Page 1 of 2

PHP CSV Utilities

Posted: Fri Mar 14, 2008 10:10 pm
by Luke
Tar and zip files are available via attachment (see below)

I am preparing to release version 0.2 of my csv library which I have tentatively named PHP CSV Utilities. I would like to come up with a less boring name, but haven't been able to think of anything. One of the main reasons I wrote the library is to learn the ins and outs of the release cycle. I've never really released a software package before so I picked a relatively easy problem to solve and solved it :)

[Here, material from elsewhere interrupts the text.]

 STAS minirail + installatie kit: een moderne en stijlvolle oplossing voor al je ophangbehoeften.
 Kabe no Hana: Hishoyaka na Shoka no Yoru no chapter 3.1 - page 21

So, for those of you who are interested, I'd like for you to do any / all of the following:

1) Let me know what version of PHP you are using and whether or not you had any issues. You can verify this by running its unit test in the tests folder. I have only tested it on version 5.2.4 and that is pretty bleeding edge. I know Csv_Reader_String will not work on versions less than 5.1 because it makes use of the php://temp input stream, but that's as much as I know. I don't plan on writing a PHP4 compatible version. PHP4 is for the birds! :P

2) Are there any interface issues you have with it? What do you like about it? What do you dislike about it? Is there anything that is confusing or just plain nonsensical?

3) What would you like to see in the next version?

4) Are there any Csv_Dialect classes you can think of that would be useful (so far I have one for excel, and there are plans for google docs and open office)

5) Are there any implementation improvements I can make? I happen to know that several of the methods can me optimized because I sort of rushed through them. I will eventually go back and optimize, but help from you would make that process that much easier.

6) Test that all of the components (especially Csv_Sniffer) return the right results MOST of the time (since csv files are notoriously malformed, I can't expect 100% accuracy)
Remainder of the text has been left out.